C’est une lecture qui m’a décontenancée par son côté parfois décousu et imaginaire, et régulièrement angoissant, mais aussi emportée. Il faut lâcher sur l’envie de trouver des situations et des réactions rationnelles ou logiques (y compris quand Louise se retrouve, dans son boulot, en contact avec du public et qu’aucune adaptation ne semble être mise en place pour cela). L’autrice, elle-même malentendante et « implantée », travaille une écriture du son, de son absence et de sa perception, avec des dialogues absurdes, des descriptions de parties de visages ou d’expressions faciales, un « herbier sonore » très poétique que j’aurais bien voulu plus approfondi.
Recommandé.

Ce Sentiment de l’été, de Mikhael Hers

Film franco-allemand de 2015. Un été à Berlin, Sasha meurt. Pendant plusieurs années, l’été va rappeler à sa famille cette tragédie. On suit plus particulièrement Lawrence, son petit ami, et Zoé, la sœur de Sasha. Le film se déroule à Paris, Annecy Berlin et New York, toujours en été. On voit leurs vies qui se déroulent, avec le poids de leur relation à Sasha qui s’impose (ou se rappelle) à eux par moment, et en même temps le reste du monde qui continue d’exister.

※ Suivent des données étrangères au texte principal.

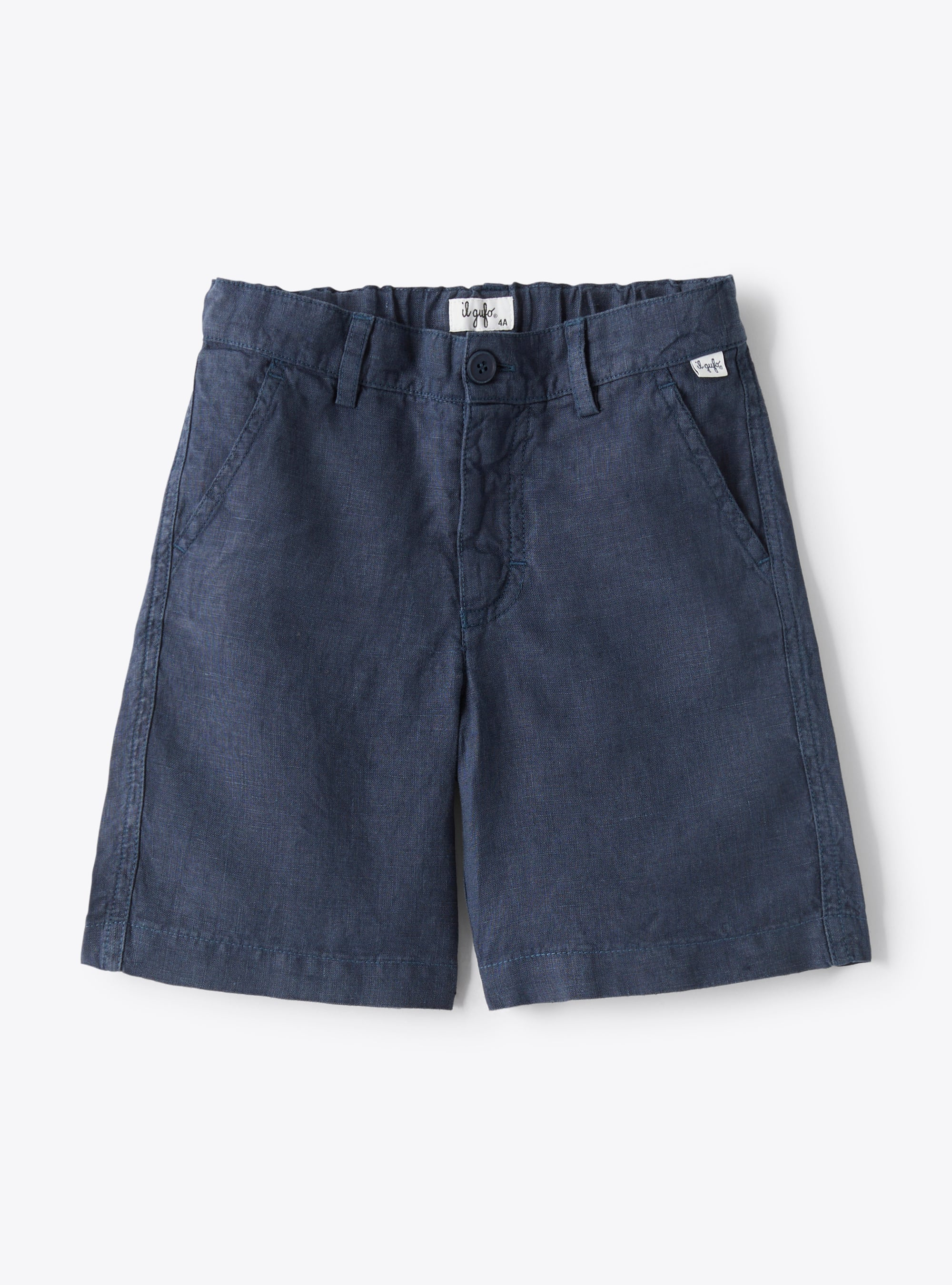 Bermuda shorts in linen - Blue | Il Gufo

J’ai bien aimé. Dans la façon dont c’est filmé, ces paysages urbains, cette caméra à côté des personnages, je trouve que ça rappelle beaucoup la trilogie Before Sunrise de Richard Linklater. Y’a ces déambulations dans la ville, ces personnes qui vivent entre plusieurs villes, pays, continents. Il y a des échos entre les différentes villes, liés au fait qu’on les voit toujours en été : c’est facile d’être dehors, les gens vont dans des bars, des soirées, des parcs, montent sur les toits, les tenues sont les mêmes (la seule différence c’est peut-être qu’en Amérique les gens se déplacent en pickup là où ils sont en vélo ou à pied en Europe).

Recommandé.

Article invité : Wolfwalkers

Film d’animation (Irlande, Luxembourg, France) de 2020.
1650 à Kilkenny, en Irlande. Le père de Robyn est engagé par le Lord Protector comme chasseur de loups, afin de protéger la ville de leur menace, mais surtout d’en débarrasser la forêt pour déforester tranquillement et ainsi de pouvoir augmenter les surfaces agricoles (spoiler : Lord Protector n’est pas le gentil du film). Jeune fille indépendante et audacieuse, Robyn ne tarde pas à se retrouver dans la forêt, malgré l’interdiction, et à découvrir les créatures qui y vivent et la protègent : les wolfwalkers.
L’histoire est un mélange réussi entre Mononoke Hime et Brave. Pas d’immense originalité narrative mais c’est vraiment efficace et attrayant, il y a des personnages chouettes, de la tension, des rebondissements, des course-poursuites et de l’émotion.
J’ai surtout adoré l’animation, magnifique, entre dessins au crayon, effets de lithogravure, split-screens ornementaux, représentation graphique des odeurs et du son.
Et la musique est très chouette aussi.